▶ **Exercise aim**
The answer must be an exact copy of every entry, with no pictures in it.

▶ **Records shown**
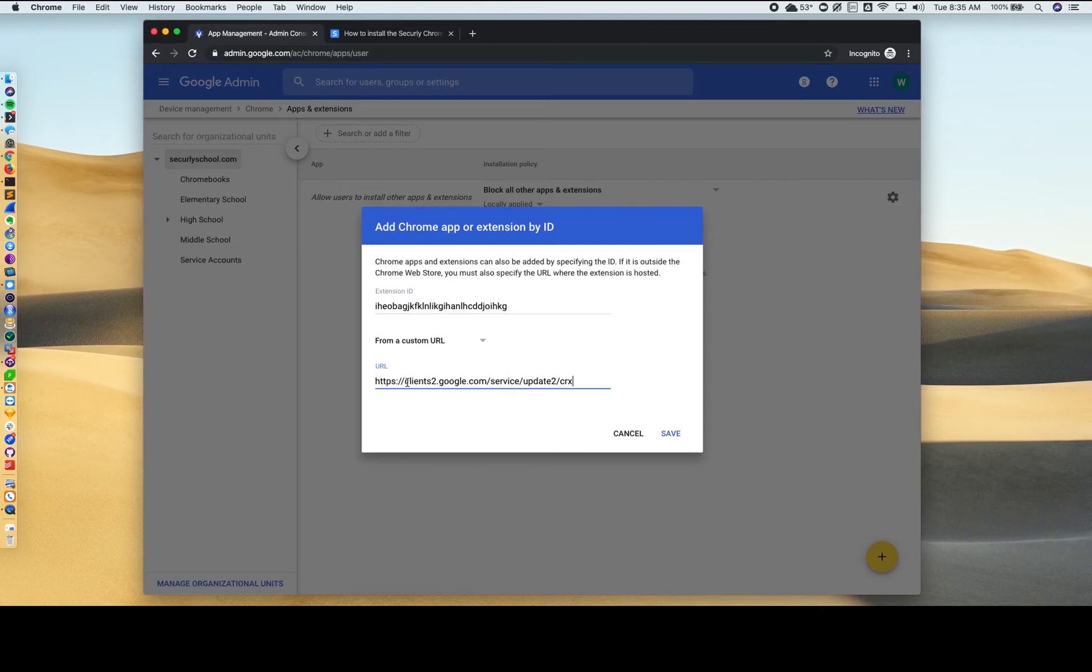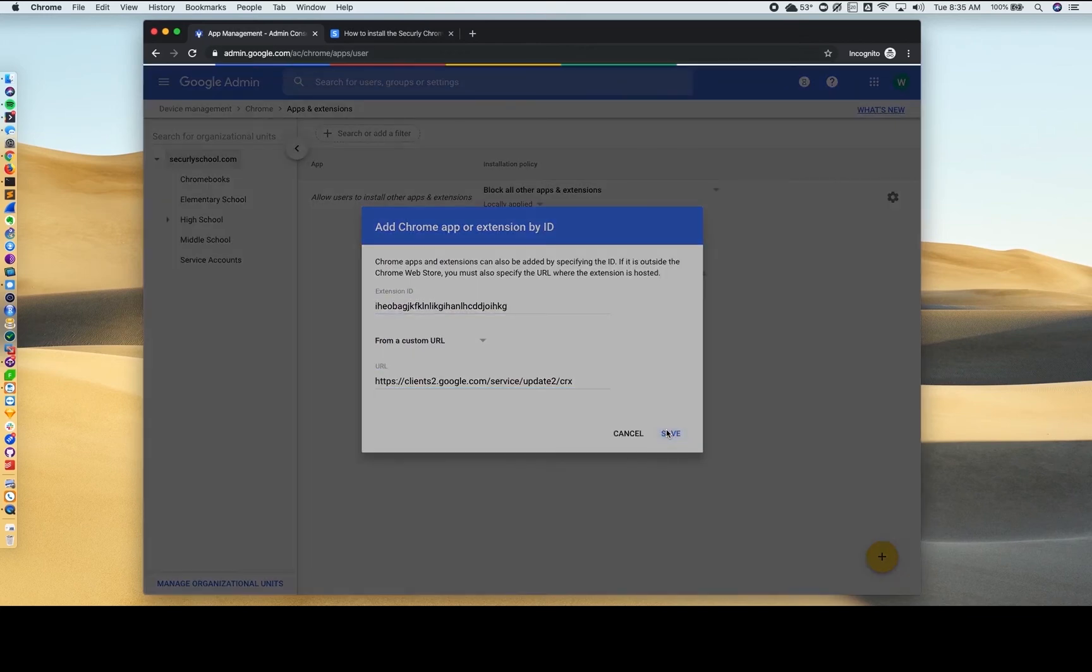You could also refer to the KB article about installing the Securely Chrome extension to get the ID and URL. Now click Save.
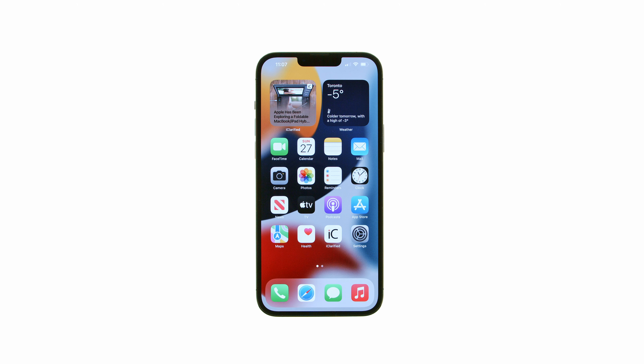These are the iClarified instructions on how to enable sleep mode on your iPhone. Let's begin.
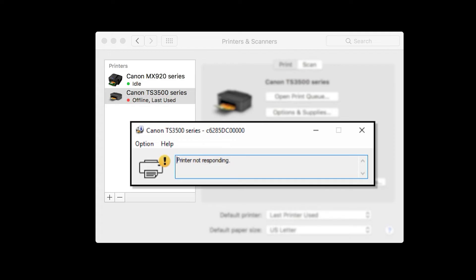There are various issues that can cause these errors to appear, so unfortunately there's not one single fix that solves these problems every time. Instead, it's necessary to find what's causing the error and then solve that particular issue.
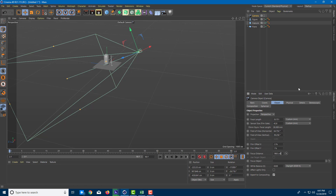That is how you work with the camera inside Cinema 4D. Hope you guys learned something — as always, please like, comment, share, and subscribe.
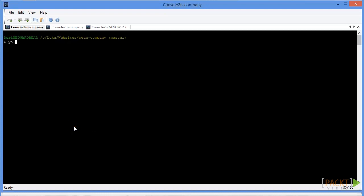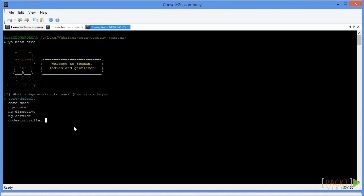The first thing we're going to use is the Yeoman seed to run our backend generator to scaffold it out for us, and then we're going to select Node controller.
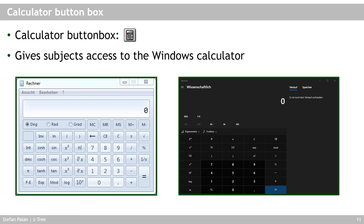The calculator button box is not actually a box but is inserted into the stage tree like one. It displays a button on subject screens, and when clicked it opens the Windows calculator. Depending on the Windows version you get the corresponding calculator. Before running the experiment, make sure to set the calculator to the desired mode, such as scientific mode. This is a very nice tool if you want subjects to do calculations without providing them with physical calculators.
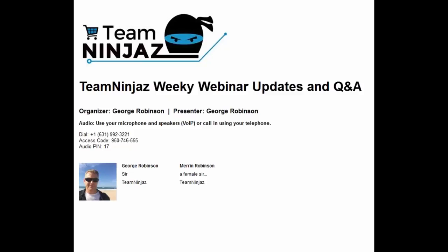Good morning, good evening, welcome to our weekly team webinar. It's George Robinson here. Merrin is going to try and get on in a few minutes. Please let me know if you can hear me.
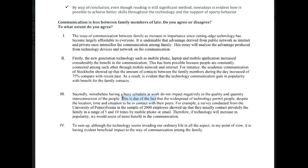'Therefore, if technology increases in popularity, we will see more the benefits of communication. To sum up, although technology seems to invade our ordinary life, in my point of view, it is beneficial — especially, it has a beneficial impact for the family.' Your objective is crystal clear communication. Once we get that, we can start improving the structures and the grammar. But the first step is the grammar.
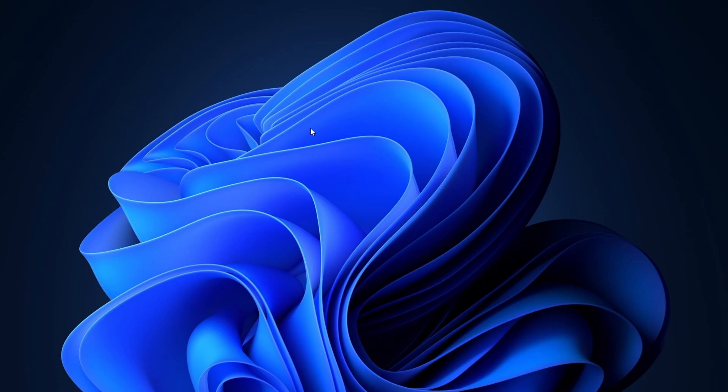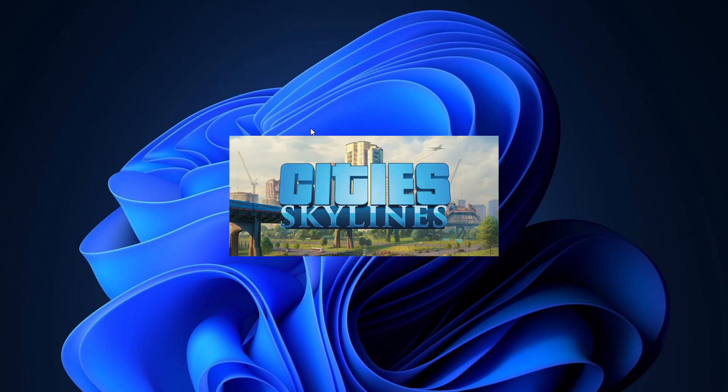Hey, everyone. Welcome back to the channel. Today, I'm going to help you find the saved file location for City Skylines if you've installed it on Steam.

▶ **Your solution**
You could also refer to the KB article about installing the Securely Chrome extension to get the ID and URL. Now click Save.
These are the iClarified instructions on how to enable sleep mode on your iPhone. Let's begin.
There are various issues that can cause these errors to appear, so unfortunately there's not one single fix that solves these problems every time. Instead, it's necessary to find what's causing the error and then solve that particular issue.
That is how you work with the camera inside Cinema 4D. Hope you guys learned something — as always, please like, comment, share, and subscribe.
The first thing we're going to use is the Yeoman seed to run our backend generator to scaffold it out for us, and then we're going to select Node controller.
The calculator button box is not actually a box but is inserted into the stage tree like one. It displays a button on subject screens, and when clicked it opens the Windows calculator. Depending on the Windows version you get the corresponding calculator. Before running the experiment, make sure to set the calculator to the desired mode, such as scientific mode. This is a very nice tool if you want subjects to do calculations without providing them with physical calculators.
Good morning, good evening, welcome to our weekly team webinar. It's George Robinson here. Merrin is going to try and get on in a few minutes. Please let me know if you can hear me.
'Therefore, if technology increases in popularity, we will see more the benefits of communication. To sum up, although technology seems to invade our ordinary life, in my point of view, it is beneficial — especially, it has a beneficial impact for the family.' Your objective is crystal clear communication. Once we get that, we can start improving the structures and the grammar. But the first step is the grammar.
Hey, everyone. Welcome back to the channel. Today, I'm going to help you find the saved file location for City Skylines if you've installed it on Steam.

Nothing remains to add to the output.